**Data block:**
==================================================
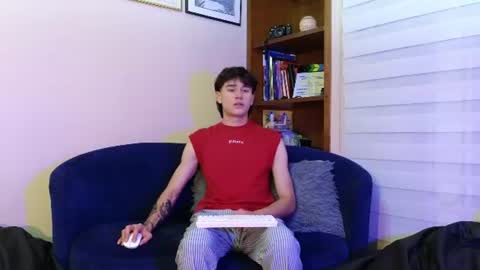Derek online show from 06-10-26, 01:28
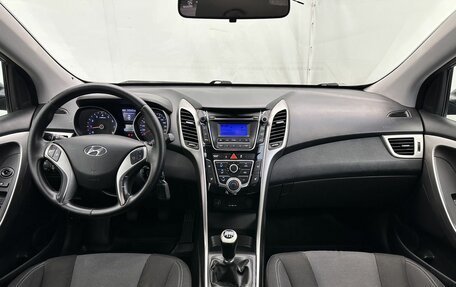 Hyundai i30 II рестайлинг, 2012 год, 980 000 рублей, 15 фотография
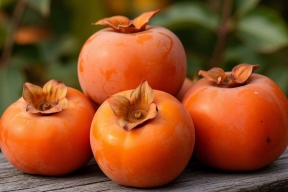 Диетолог Михаил Гинзбург поделился информацией о пользе хурмы для людей старше 50 лет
==================================================
**What you will do:** Ignoring the pictures, write out word for word the lines from the line containing "Hyundai i30 II" through the end of the material above.

**Answer section:**
 Hyundai i30 II рестайлинг, 2012 год, 980 000 рублей, 15 фотография
 Диетолог Михаил Гинзбург поделился информацией о пользе хурмы для людей старше 50 лет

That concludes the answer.